# [WSS18] 1D semantic segmentation w/ inception architecture & soft labeling

Posted 2 months ago
307 Views
|
|
3 Total Likes
|

# 1D semantic segmentation

## T.O.C.

• 1D semantic segmentation
• Context
• "1D"
• example
• Code
• Training and data
• Results
• The good
• The confusing
• Discussion

## Context

Semantic segmentation is an extension of image segmentation, whereby the partitioned pixels are associated with labels to provide meaning to each subset of pixels.

It is apparent that as semantic segmentation was devised for images most of its approaches are 2D-centric e.g. 2D convolutional neural networks (CNN), converting the pixels into a $k$-nearest-neighbors (KNN)-graph and applying graph theory, etc.

While the focus on 2D is not prohibitive of 1D applications, improvements in the field which stem from leveraging the structure of images may not translate well into any given 1D use case.

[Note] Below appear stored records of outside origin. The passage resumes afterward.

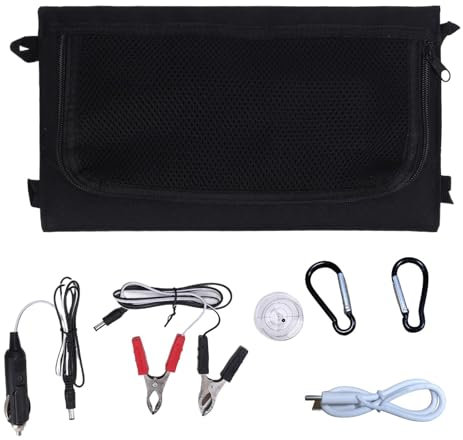 Solar Charger, Battery Generator Panel, 22.8x11.4in 100w Double USB Power Bank, Tri Fold Portable, Outdoor Adventures for Laptop, Smartphone, Tablet Charger, Fishing, Road Trips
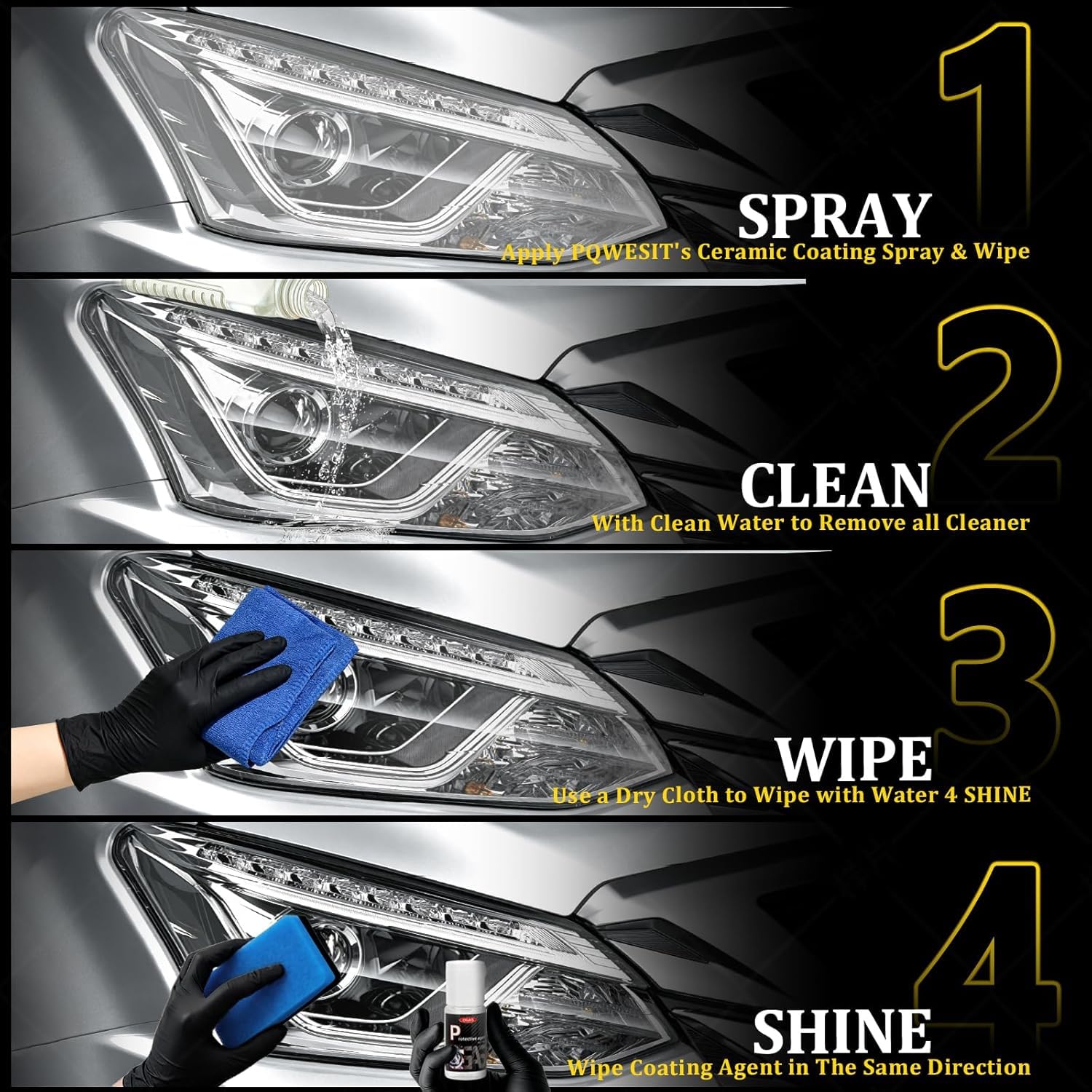 Car Headlight Restoration Kit – Headlight Cleaner & Restorer Kit with Restoration Spray, No Power Tools Required, Restores Yellowed & Oxidized Headlights to Like-New Clarity, For All Vehicle Types — view 5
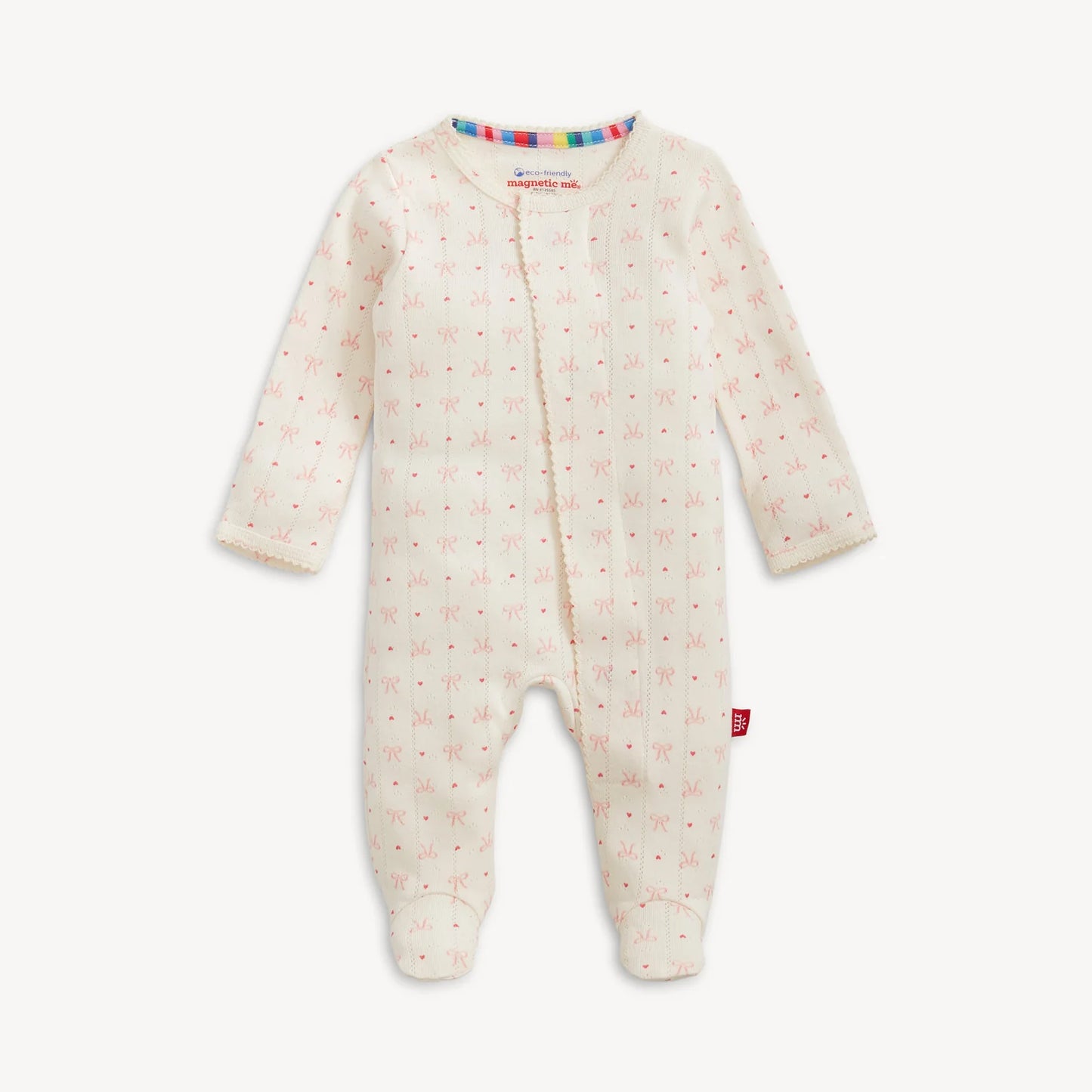 Pointelle Magnetic Footie | Heart & Bow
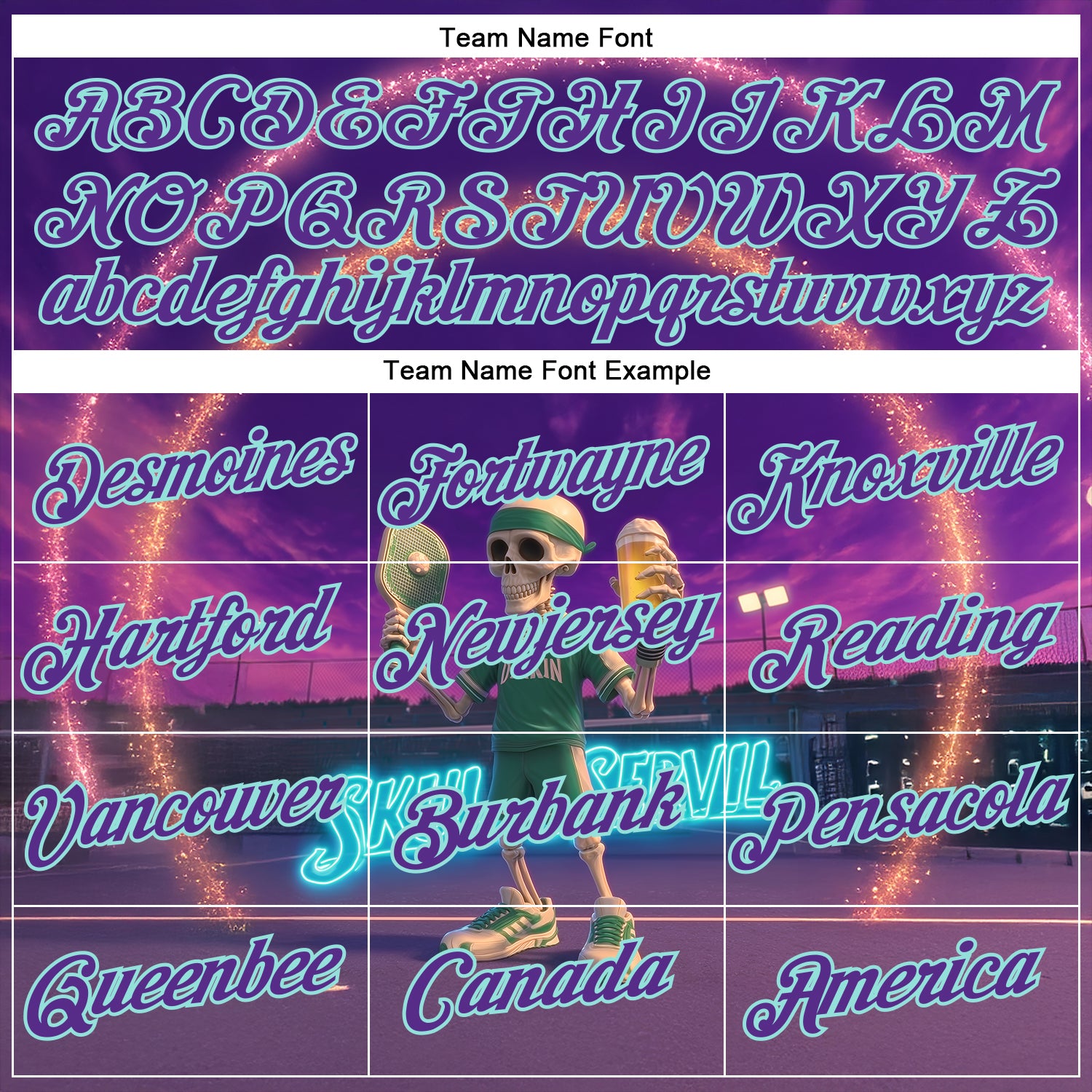 Custom Purple Ice Blue 3D Funny Pickleball Paddles Balls Skeleton Performance T-Shirt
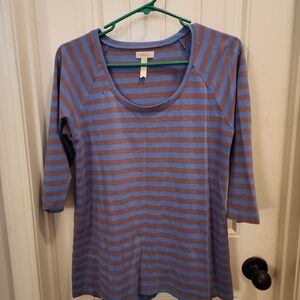 Blue and Purple Striped Women's Top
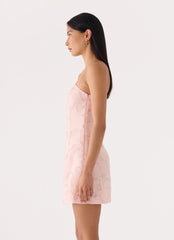 Della Lace Strapless Mini Dress - Pink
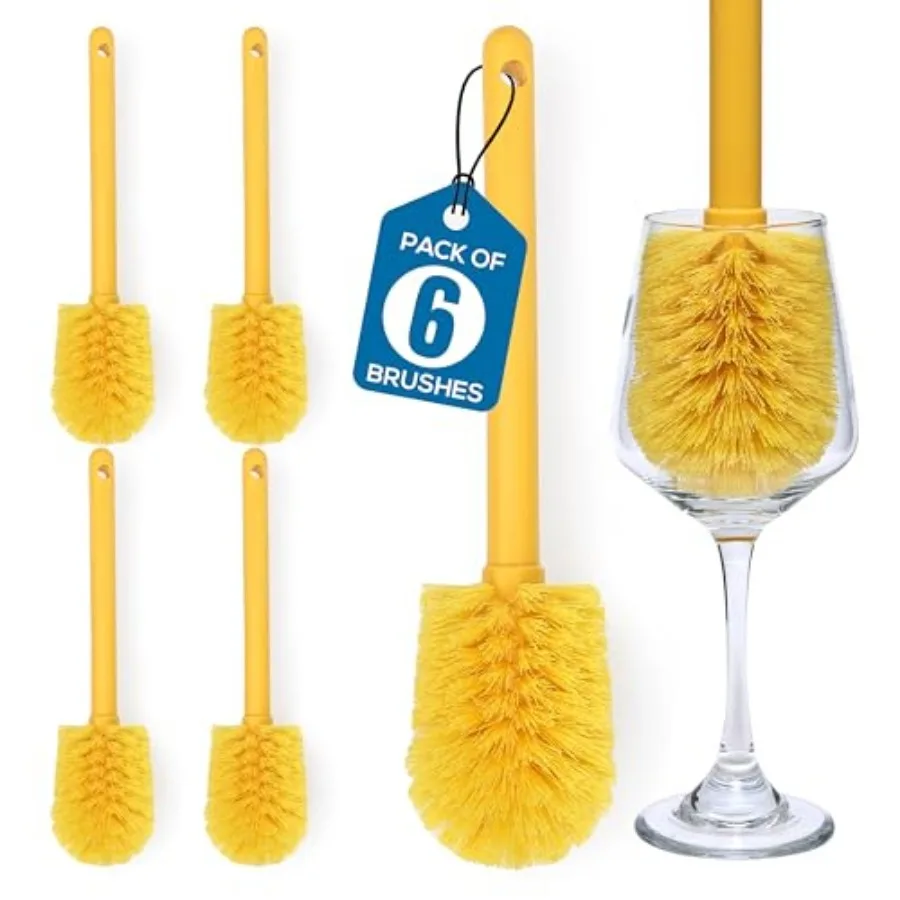 

Goblet Cleaning Brush Bottle Brush for Cleaning Glasses and Jars, Durable Bristles and Long Handle, Brushes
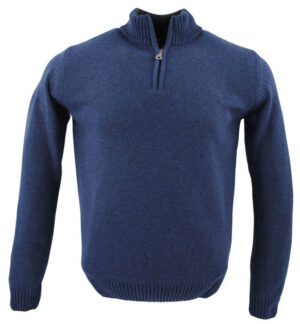 pull 80% laine col montant GUY DE BERAC bleu R1387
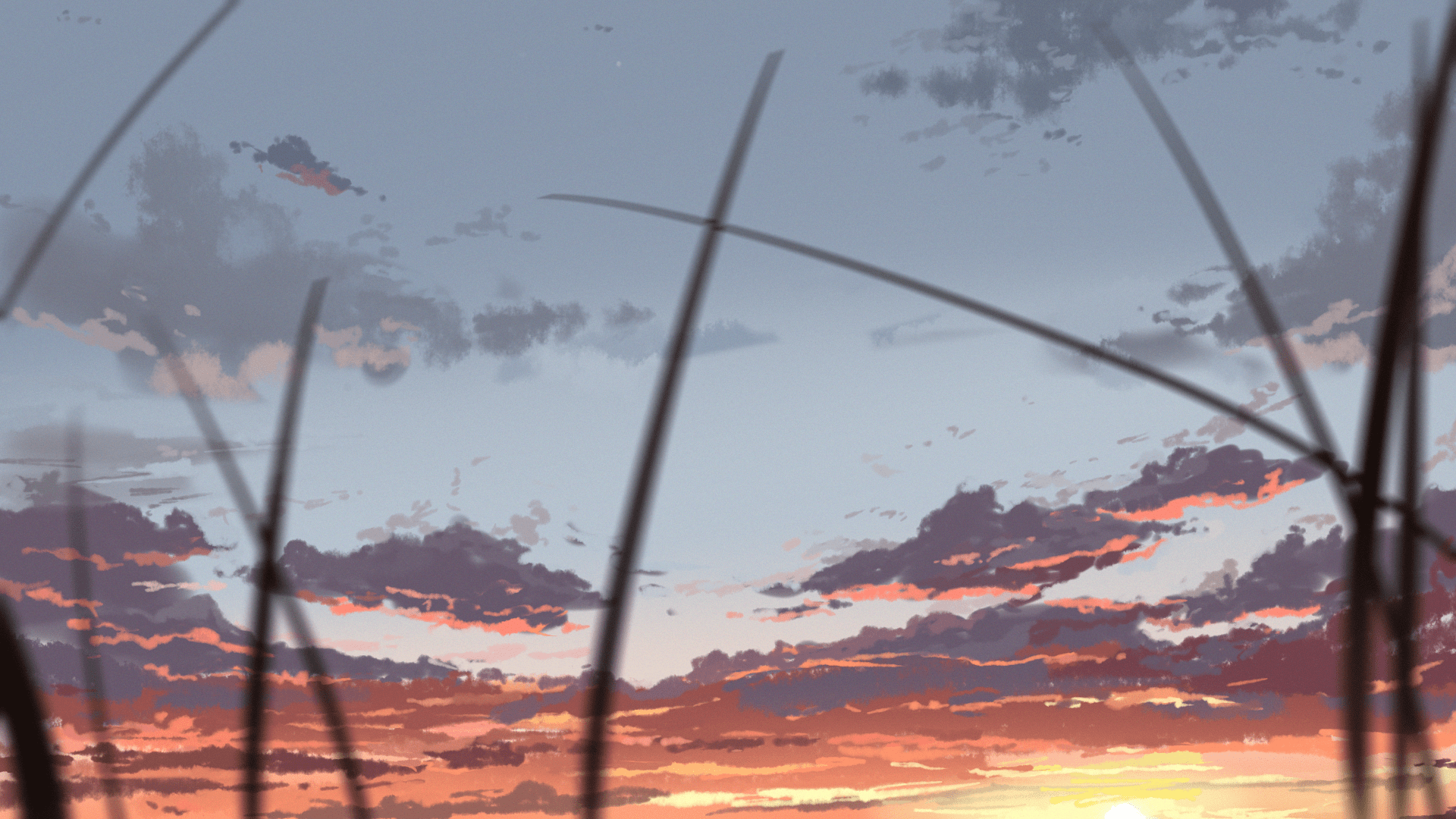 1920x1080 Arttssam Sunset Digital Art Clouds Anime Wallpaper:1920x1080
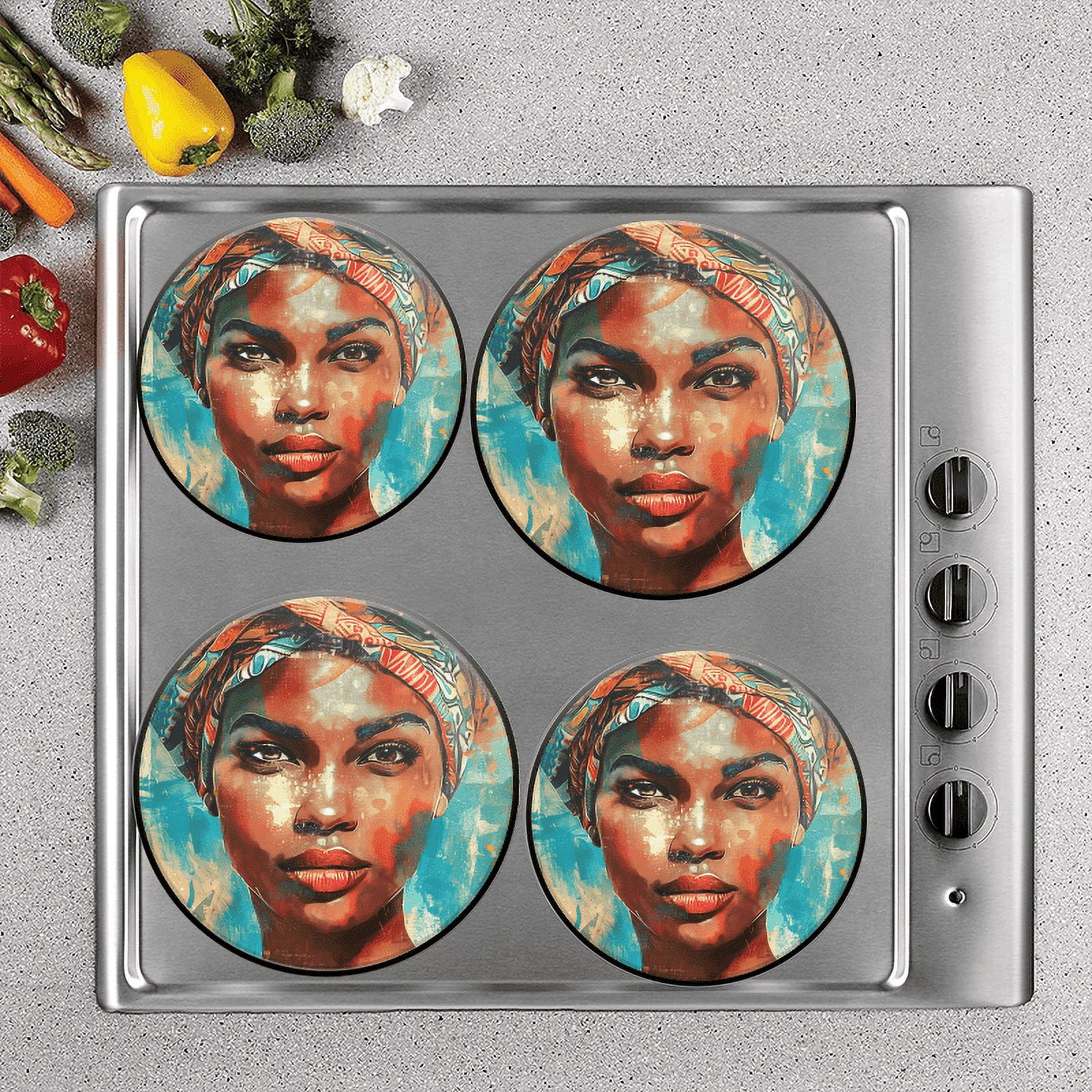BaHomeck Electric Stove Burner Covers Set of 4,Round Metal Gas Stove Burner Covers 8 Inch and 10 Inch,Kitchen Decor,Beautiful Black Woman With African Head Wrap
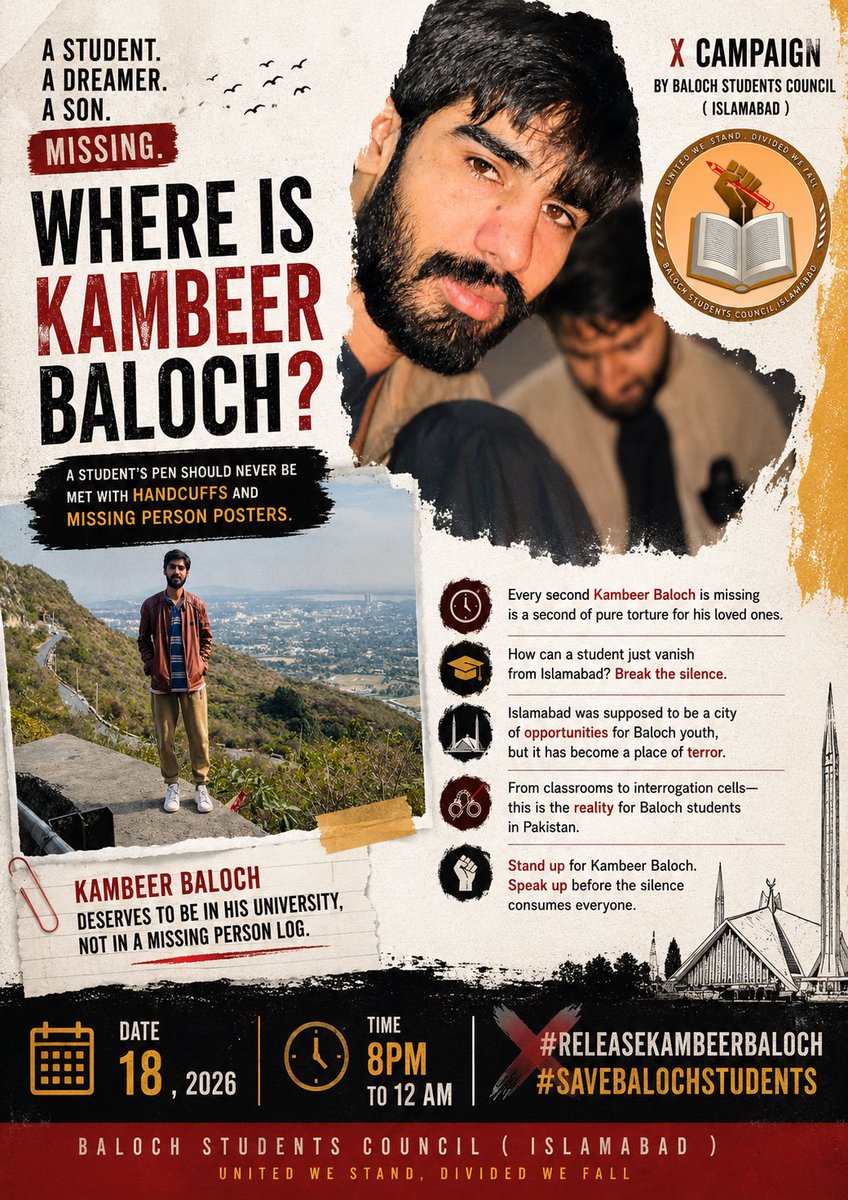 bsciiui028's tweet photo. Speak up against enforced disappearances. Silence creates more space for those involved in the abduction of our loved ones. When we stay silent, they become more active. 
#ReleaseKambeerBaloch
#SaveBalochStudents https://t.co/4xeqEPKwLz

So when might the need for 1D semantic segmentation arise, and how can it be applied?

## "1D"

Foremost let us clarify "1D". In this context we refer to "1D" similarly as to how images are "2D" i.e. we view the image with a given width ( $w$, $d_1$) and height ( $h$, $d_2$), but images also consist of at least 1 (and commonly 3) channels ( $c$, $d_3$) conveying color information (thus $w\times h \times c$).

Thus "1D" is a multi-channel sequence and semantic segmentation is analogous in aim to compressive sensing or detection theory.

## Example

An example of when 1D semantic segmentation may be preferable to traditional signal detection methods can be found in biology. Two common sequences found in biology are those of amino-acids and those of DNA of which I will be considering the latter for this post. DNA - from a sequence standpoint - is (generally) made up of four characters (nucleotides or NT): A, C, T, and G. Further, a DNA sequence can be encoded - via one-hot encoding - into an $n\times4$ matrix.

While the $n\times4$ matrix could be treated as a single channel image ( $n\times4]times1$), for $n>>4$ the common set-up of $3\times3$ convolutional kernels (for 2D-CNNs) makes less sense.

As for using a Recurrent Neural Network (RNN) such as something with a Long-Short Term Memory (LSTM) module, given that the human genome is over 3 billion NT, that doesn't work so well either if we leave the sequence unaltered.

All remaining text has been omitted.